Stored dataset items:
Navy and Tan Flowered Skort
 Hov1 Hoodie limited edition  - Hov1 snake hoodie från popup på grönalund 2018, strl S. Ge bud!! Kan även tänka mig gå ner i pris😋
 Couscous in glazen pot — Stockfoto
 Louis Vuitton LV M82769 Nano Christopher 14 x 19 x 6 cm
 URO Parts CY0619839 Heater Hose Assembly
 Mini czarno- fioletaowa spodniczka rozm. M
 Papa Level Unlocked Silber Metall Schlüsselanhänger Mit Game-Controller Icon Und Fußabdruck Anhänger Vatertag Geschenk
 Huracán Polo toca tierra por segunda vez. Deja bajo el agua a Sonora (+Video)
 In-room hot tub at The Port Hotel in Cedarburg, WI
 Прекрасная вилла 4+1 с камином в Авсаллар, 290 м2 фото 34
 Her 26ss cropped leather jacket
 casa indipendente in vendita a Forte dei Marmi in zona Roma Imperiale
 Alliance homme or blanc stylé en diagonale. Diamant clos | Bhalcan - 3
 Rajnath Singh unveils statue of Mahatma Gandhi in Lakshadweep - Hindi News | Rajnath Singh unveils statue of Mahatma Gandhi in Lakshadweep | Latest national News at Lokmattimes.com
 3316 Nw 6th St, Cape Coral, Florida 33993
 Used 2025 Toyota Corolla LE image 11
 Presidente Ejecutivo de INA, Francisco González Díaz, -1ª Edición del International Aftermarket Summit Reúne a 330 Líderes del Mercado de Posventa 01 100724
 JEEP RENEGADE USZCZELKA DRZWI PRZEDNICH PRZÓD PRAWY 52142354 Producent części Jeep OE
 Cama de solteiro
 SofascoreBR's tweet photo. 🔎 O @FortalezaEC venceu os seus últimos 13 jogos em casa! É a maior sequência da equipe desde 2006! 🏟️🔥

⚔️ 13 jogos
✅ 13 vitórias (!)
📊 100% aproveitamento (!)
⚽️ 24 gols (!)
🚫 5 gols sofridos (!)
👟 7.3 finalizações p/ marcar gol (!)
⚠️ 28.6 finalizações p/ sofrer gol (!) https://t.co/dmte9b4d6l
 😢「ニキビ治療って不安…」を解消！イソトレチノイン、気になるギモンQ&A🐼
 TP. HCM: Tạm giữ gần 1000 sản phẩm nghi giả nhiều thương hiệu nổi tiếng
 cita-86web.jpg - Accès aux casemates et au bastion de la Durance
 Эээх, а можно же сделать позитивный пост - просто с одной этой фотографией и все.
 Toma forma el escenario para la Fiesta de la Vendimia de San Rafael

• [Prompt] Up to and including the line with "Cama de solteiro", restate the records above word for word from the very first line.

• [Result for this task]
Navy and Tan Flowered Skort
 Hov1 Hoodie limited edition  - Hov1 snake hoodie från popup på grönalund 2018, strl S. Ge bud!! Kan även tänka mig gå ner i pris😋
 Couscous in glazen pot — Stockfoto
 Louis Vuitton LV M82769 Nano Christopher 14 x 19 x 6 cm
 URO Parts CY0619839 Heater Hose Assembly
 Mini czarno- fioletaowa spodniczka rozm. M
 Papa Level Unlocked Silber Metall Schlüsselanhänger Mit Game-Controller Icon Und Fußabdruck Anhänger Vatertag Geschenk
 Huracán Polo toca tierra por segunda vez. Deja bajo el agua a Sonora (+Video)
 In-room hot tub at The Port Hotel in Cedarburg, WI
 Прекрасная вилла 4+1 с камином в Авсаллар, 290 м2 фото 34
 Her 26ss cropped leather jacket
 casa indipendente in vendita a Forte dei Marmi in zona Roma Imperiale
 Alliance homme or blanc stylé en diagonale. Diamant clos | Bhalcan - 3
 Rajnath Singh unveils statue of Mahatma Gandhi in Lakshadweep - Hindi News | Rajnath Singh unveils statue of Mahatma Gandhi in Lakshadweep | Latest national News at Lokmattimes.com
 3316 Nw 6th St, Cape Coral, Florida 33993
 Used 2025 Toyota Corolla LE image 11
 Presidente Ejecutivo de INA, Francisco González Díaz, -1ª Edición del International Aftermarket Summit Reúne a 330 Líderes del Mercado de Posventa 01 100724
 JEEP RENEGADE USZCZELKA DRZWI PRZEDNICH PRZÓD PRAWY 52142354 Producent części Jeep OE
 Cama de solteiro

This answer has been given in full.